Transcribe the material verbatim, starting at its first line and stopping once the line containing "Typology of Physical Qualities" has been given; no picture should appear.

====== Data in this exercise ======

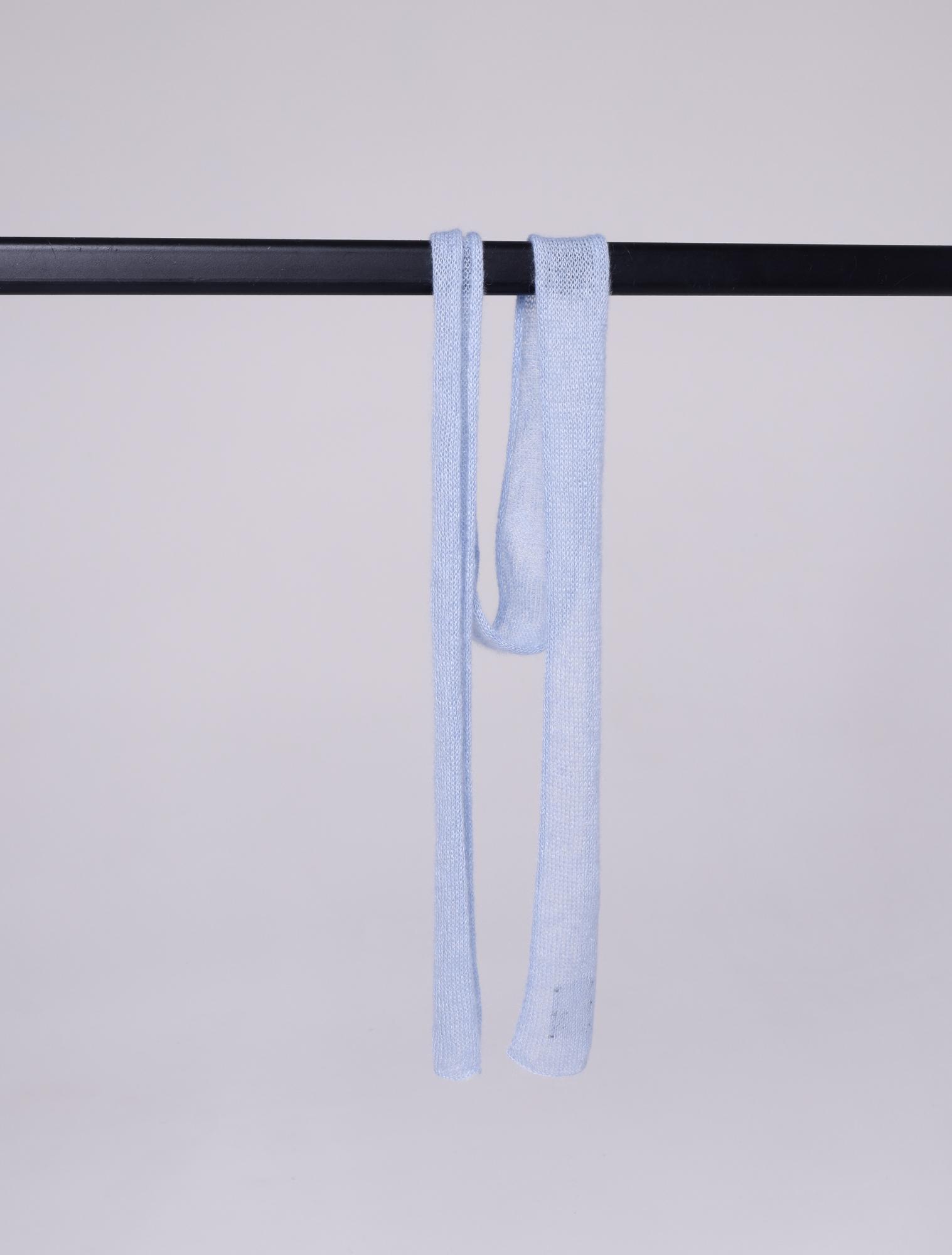 Шарф скинни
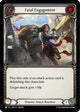 Fatal Engagement (Blue) (HVY111)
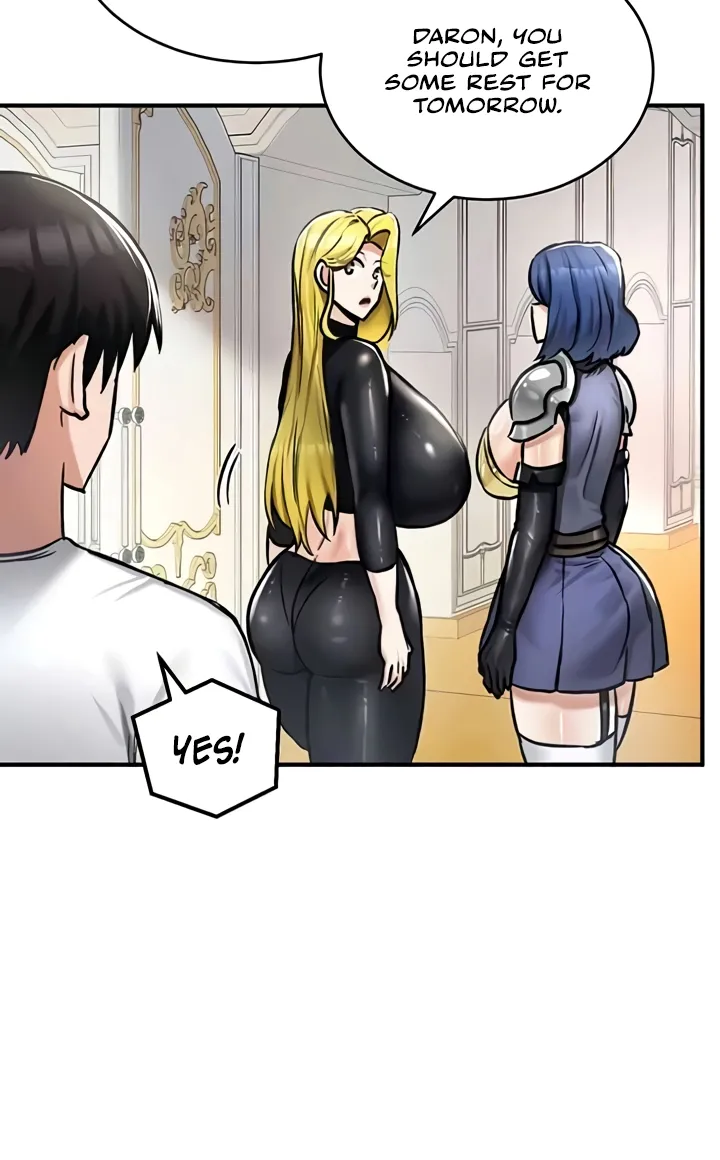Regressed Warriors Female Dominance Diary Chapter 27 page 42 - 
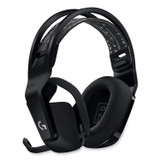 LOGITECH, INC. 981000863 G733 LIGHTSPEED Wireless Gaming Binaural Over The Head Headset, Black
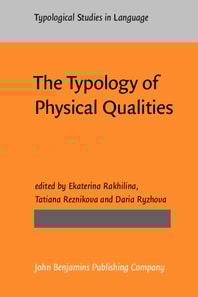 Typology of Physical Qualities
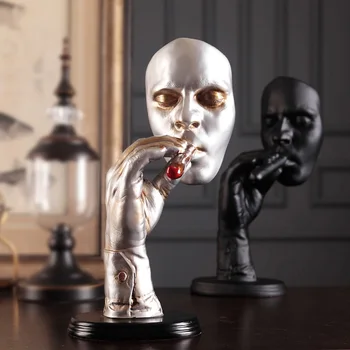 Man enjoying smoking a cigar Head Portraits Bust Large Resin Statue Michelangelo Buonarroti Home Decoration Resin Art Craft Gift
Man enjoying smoking a cigar Head Portraits Bust Large Resin Statue Michelangelo Buonarroti Home Decoration Resin Art Craft Gift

======

[Task response]
 Шарф скинни
 Fatal Engagement (Blue) (HVY111)
Regressed Warriors Female Dominance Diary Chapter 27 page 42 - 
 LOGITECH, INC. 981000863 G733 LIGHTSPEED Wireless Gaming Binaural Over The Head Headset, Black
 Typology of Physical Qualities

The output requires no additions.